Net Censorship: The UN is watching, but who’s watching the UN?

Diplomats and various internet influentials talked about internet censorship, diversity and access at a UN-sponsored gathering in Athens this week.

Do you care? Do your usual media providers keep you up-to-date on who’s controlling the internet and what they’d like to do with it?

Given the emerging ubiquity and necessity of digital communications, I continue to marvel at the “other world” nature of high-level discussions about how the internet is operated.

Meanwhile, in Athens, on internet censorship …

Reporters Without Border: Internet censorship is spreading
China: Really? We’re not doing it

From AP via MSNBC: Google, others defend China operations
Censorship is a key focus at this week’s inaugural Internet Governance Forum, which ends Thursday. Other main issues are related to security of online networks and diversity of the Internet as Web growth is predicted to shift to China, India and developing countries.

Julien Pain of the group Reporters Without Borders said Web censors were gaining strength in many of those growth countries and that their main target was not dissidents but keeping information from the general population.

“Internet censorship is really spreading around the world,” he said. “Ten years ago, the Internet was not important for an African dictator. … Now China is a model for these countries and their model is spreading around the world.”

Richard Sambrook was there and described “a collision between business interests, principles of human rights and freedom of expression … What is better – compromised co-operation that makes some progress or refusal to compromise that makes no progress? We may be guilty of adopting too much of a Northern and Western view sometimes.”
Athens sidenotes:

1. Our We Media conference infuenced the IGF meeting in Athens. Hurray. The Athens forum was headed by Nitin Desai, who attended and spoke at the We Media London forum earlier this year. We might also note BBC news presenter Nik Gowing, who moderated a portion of the London conference, played a similar role in Athens. Kieren McCarthyin the UK writes that the We Media London experience inspired Mr.

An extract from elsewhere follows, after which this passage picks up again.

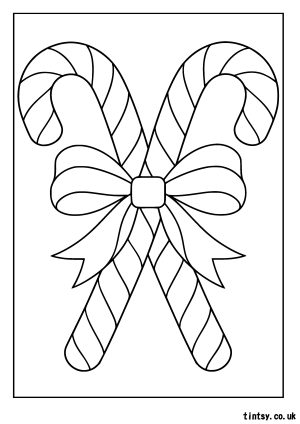 Candy Cane Colouring Page: A Sweet Christmas Craft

Desai to incorporate a “chief blogger” into the UN conference.

2. On the other hand, maybe we should keep quiet about who and how we inspire people, or don’t – since one might just as easily note missed opportunities. Here’s Joi Ito writing about his Athens experience:

I seem to be doing this more and more, but I’m sitting in my hotel room watching the webcast and chatting in the chatroom for the IGF meeting. Until they make it easier for people to use their computers on site, I’m going to continue doing this.

Update: Sorry comments are not showing up here. We’re looking into it.

Nov. 21, 2006 Update: Comments fixed.